Sappiamo tutti che molto del futuro dell’umanità si gioca nella capacità di accogliere l’altro senza pregiudizi. Lo sport da questo punto di vista rappresenta un avamposto culturale della società. Se c’è un luogo dove il razzismo é stato sconfitto, si chiama spogliatoio. Dentro quei 20 metri quadri, con panche e docce, il colore della pelle, la religione, il Paese di provenienza sono “dettagli” che interessano poco. Lì, in maglietta e calzoncini, ci si sente subito tutti uguali.

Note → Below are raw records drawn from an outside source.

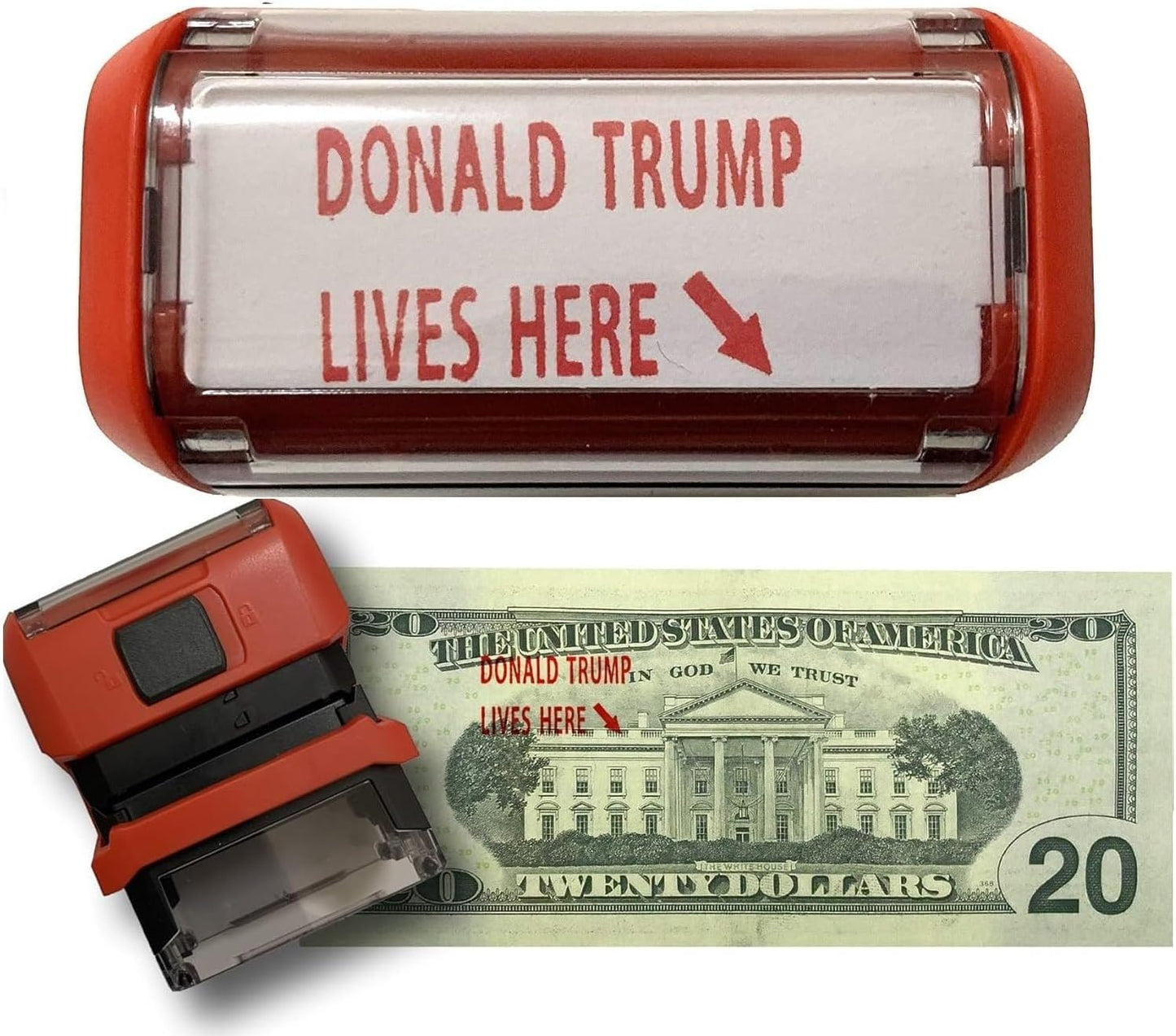 Donald Trump's House Stamp Self Inking Rubber Stamp with Red Ink and Arrow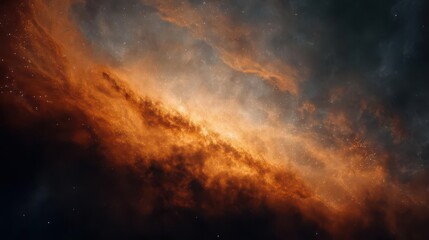 Naklejka premium Stardust Particles in Glowing Orange Nebula, Cinematic Space View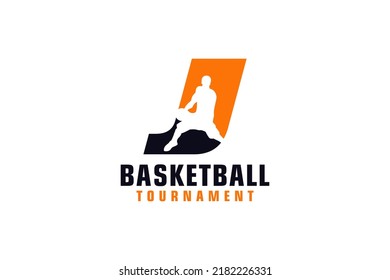 Letter J with Basketball Logo Design. Vector Design Template Elements for Sport Team or Corporate.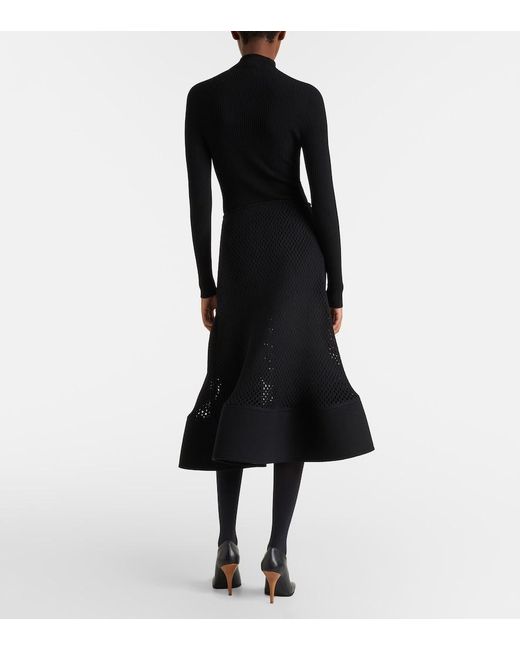 Alaïa Black Open-Knit Wool-Blend Midi Skirt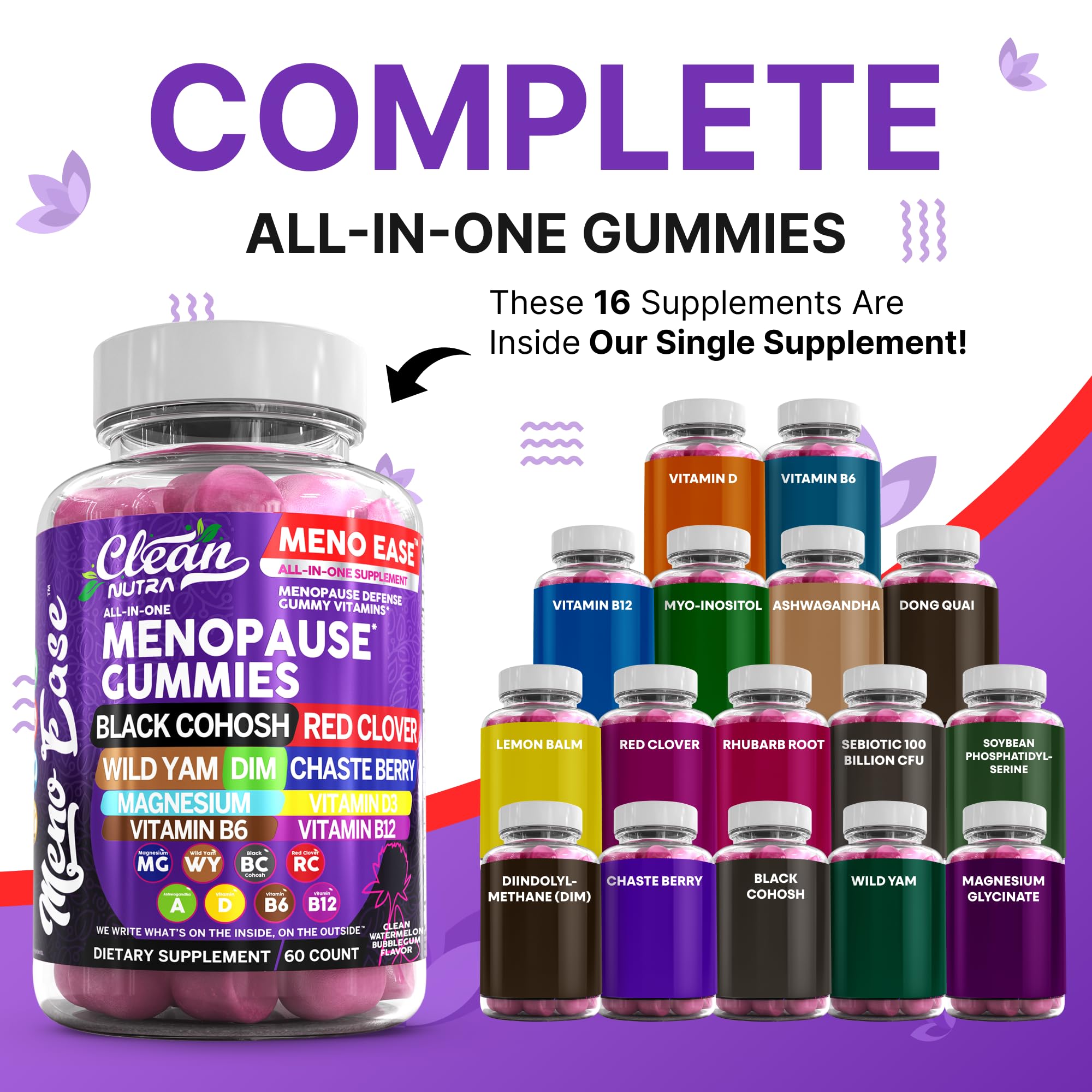 Clean Nutraceuticals Meno Ease Gummies with bergamot for a fresh mood lift.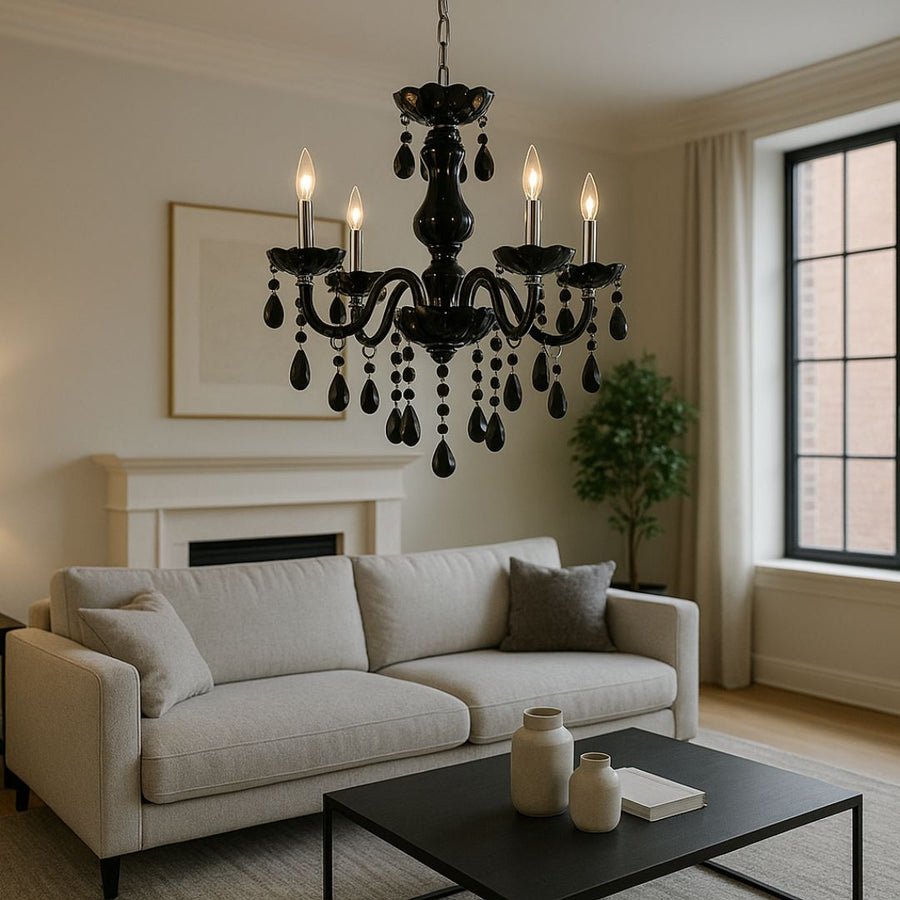 Alnwick Crystal Chandelier Eleganza, 5xe14, диаметър 48 cm, черен, регулируема височина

Pensiamo allo spogliatoio di una qualsiasi squadretta di un oratorio. Le statistiche dicono che spesso a vestire la stessa maglietta sono ragazzi o ragazze di Paesi, religioni, colore della pelle e abitudini differenti. A tenerli insieme non è uno specialista in mediazione culturale o in strategie di integrazione. È il signor Giovanni, allenatore per passione, e infermiere nella vita. Il suo ultimo problema è il colore della pelle o il Paese di origine dei ragazzi. A farlo diventare matto è, piuttosto, il fatto che Jadidh non passa mai la palla, che Matteo sbaglia i gol a porta vuota e che Karol ha un gran fisico ma in difesa è troppo incerto. Lo sport ha davvero una forza devastante nell’abbattere barriere e distanze tra le persone e tra i popoli. Non è retorica. È la verità. E questo non riguarda solo i ragazzi. Quando vanno a mangiare la pizza, i genitori dei ragazzi di quella squadretta si frequentano con la più grande naturalezza, si incontrano, diventano amici e a nessuno passa per la testa che il colore della pelle o il Paese di provenienza sia “un problema”. Insomma, lo sport (quello vissuto e praticato, non quello urlato allo stadio) batte il razzismo 10 a 0. Ecco perché vale la pena ricordare la Giornata mondiale contro il razzismo e che siamo avamposto nella società del nostro tempo. Ecco perché vale la pena ricordare che a volte abbiamo già vinto anche quando non portiamo a casa i tre punti a fine partita.